**The task**
Return all of the data exactly, with nothing left out but the pictures.

-- Collected data follows --

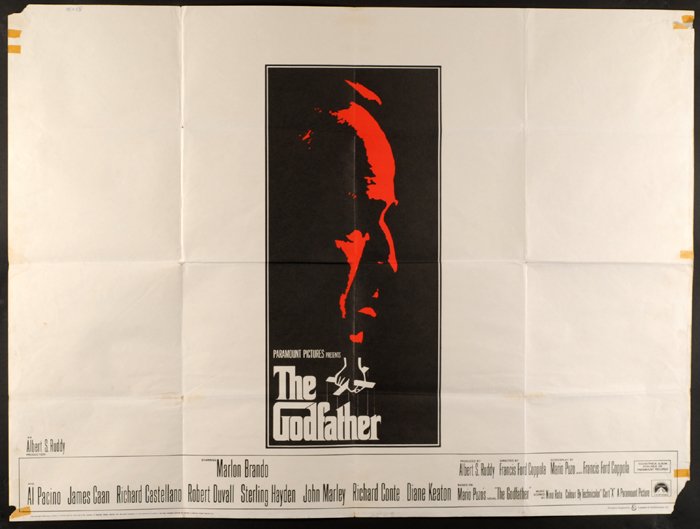 The Godfather: 1972. Starring Marlon Brando, Al Pacino, Robert Duvall and Diane Keaton etc. Won Oscars for Best Picture to Walter Ruddy, Best Actor to Marlon Brando and Best Screenplay.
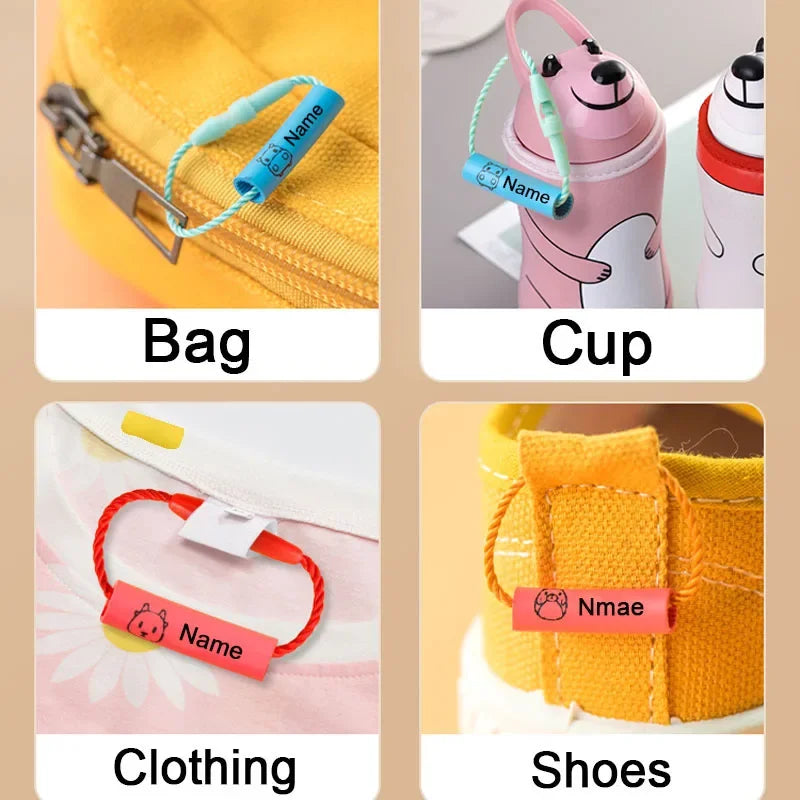 20pcs Baby Shoes Schoolbag Cup Clothes Name Sticker Waterproof Tag Rope Baby Name Ring Children Customized Name Label Pendant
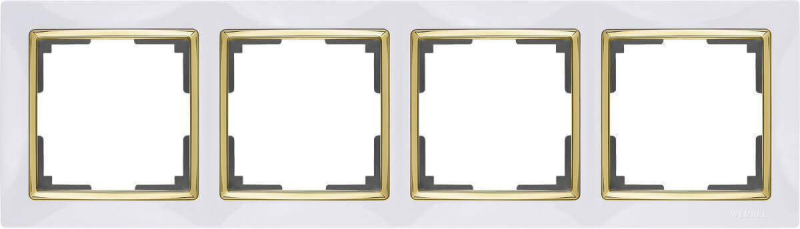 Рамка Werkel Snabb на 4 поста белый/золото WL03-Frame-04-white/GD 4690389083938 в Санкт-Петербурге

-- Collected data concluded --

**Finished task**
 The Godfather: 1972. Starring Marlon Brando, Al Pacino, Robert Duvall and Diane Keaton etc. Won Oscars for Best Picture to Walter Ruddy, Best Actor to Marlon Brando and Best Screenplay.
 20pcs Baby Shoes Schoolbag Cup Clothes Name Sticker Waterproof Tag Rope Baby Name Ring Children Customized Name Label Pendant
 Рамка Werkel Snabb на 4 поста белый/золото WL03-Frame-04-white/GD 4690389083938 в Санкт-Петербурге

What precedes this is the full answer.